The DOJ shot down Chairman of the House Judiciary Committee Jerry Nadler’s subpoena for the full, unredacted Mueller Report and underlying documents on Wednesday.
A letter from Assistant Attorney General Stephen Boyd to Nadler said, “Allowing your committee to use Justice Department investigative files to re-investigate the same matters that the department has investigated and to second-guess decisions that have been made by the department would not only set a dangerous precedent, but would also have immediate negative consequences.” The letter also said Nadler’s subpoena was “not legitimate oversight” and an “overbroad and extraordinarily burdensome” request.
On Friday, Nadler sent a new offer to Barr (which can be viewed here) in his mission to obtain the full report. He has also threatened to hold Barr in contempt if he fails to comply by Monday at 9 am.
Nadler’s letter begins by asking why the DOJ “is willing to allow only a small number of Members to view a less-redacted version of the report, subject to the condition that they cannot discuss what they have seen with anyone else.” He asks Barr to reconsider this.
Nadler notes that the DOJ is also “unwilling to work with the Committee to seek a court order permitting disclosure of materials in the report that are subject to Federal Rule of Criminal Procedure 6(e).” (Note: Federal Rule of Criminal Procedure 6(e) indicates grand jury material.) He reiterates his request that the DOJ work together with his staff to obtain a court order that would permit Congress to obtain this material. Nadler said Congress has obtained Rule 6(e) material in the past under the “judicial proceeding” exception.
Next, Nadler writes:
The Committee is willing to prioritize a specific, defined set of underlying investigative and evidentiary materials for immediate production. As indicated in item two of the Committee’s subpoena, the Committee has a heightened interest in obtaining access to the investigative and evidentiary materials specifically cited in the report. This discrete and readily identifiable set of documents includes reports from witness interviews (commonly known as “302s”) and items such as contemporaneous notes taken by witnesses of relevant events. Since these materials are publicly cited and described in the Mueller report, there can be no question about the Committee’s need for and right to this underlying evidence.

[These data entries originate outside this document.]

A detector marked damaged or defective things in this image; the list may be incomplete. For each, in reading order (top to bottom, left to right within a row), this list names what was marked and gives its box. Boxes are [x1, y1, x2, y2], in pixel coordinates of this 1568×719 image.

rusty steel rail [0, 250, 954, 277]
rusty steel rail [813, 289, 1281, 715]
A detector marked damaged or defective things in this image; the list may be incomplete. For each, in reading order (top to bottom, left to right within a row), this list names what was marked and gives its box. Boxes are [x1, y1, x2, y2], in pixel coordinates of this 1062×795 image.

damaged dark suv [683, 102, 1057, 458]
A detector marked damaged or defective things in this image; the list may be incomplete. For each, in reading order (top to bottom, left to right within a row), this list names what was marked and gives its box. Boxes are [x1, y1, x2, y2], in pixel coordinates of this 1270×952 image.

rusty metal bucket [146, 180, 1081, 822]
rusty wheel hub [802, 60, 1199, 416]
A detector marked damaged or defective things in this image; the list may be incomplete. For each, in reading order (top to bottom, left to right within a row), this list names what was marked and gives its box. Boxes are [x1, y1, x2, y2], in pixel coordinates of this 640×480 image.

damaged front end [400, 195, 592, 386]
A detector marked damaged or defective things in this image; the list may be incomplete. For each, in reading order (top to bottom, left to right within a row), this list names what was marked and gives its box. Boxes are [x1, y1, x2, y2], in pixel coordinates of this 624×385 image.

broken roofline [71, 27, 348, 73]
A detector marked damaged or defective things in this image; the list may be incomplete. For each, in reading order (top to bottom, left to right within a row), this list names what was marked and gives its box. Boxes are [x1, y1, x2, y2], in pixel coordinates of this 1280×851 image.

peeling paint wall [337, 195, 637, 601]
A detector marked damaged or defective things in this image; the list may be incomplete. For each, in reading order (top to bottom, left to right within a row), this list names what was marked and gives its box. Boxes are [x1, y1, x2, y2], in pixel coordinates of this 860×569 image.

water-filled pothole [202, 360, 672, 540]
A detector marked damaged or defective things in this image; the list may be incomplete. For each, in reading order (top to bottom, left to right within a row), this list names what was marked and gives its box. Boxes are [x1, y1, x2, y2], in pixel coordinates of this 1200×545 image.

He claims that because current DOJ policy does not allow a sitting president to be indicted, it is especially urgent that Congress be able to review the underlying evidence. In a reference to impeachment, Nadler added, “Congress must be allowed to “evaluate whether constitutional remedies are appropriate.”
Nadler wrote that the DOJ’s insistence that “Congress’s requests do not serve “legitimate purposes” is not the Department’s judgment to make.”
Big, bad Jerry Nadler. I’m sure Barr is shaking in his boots.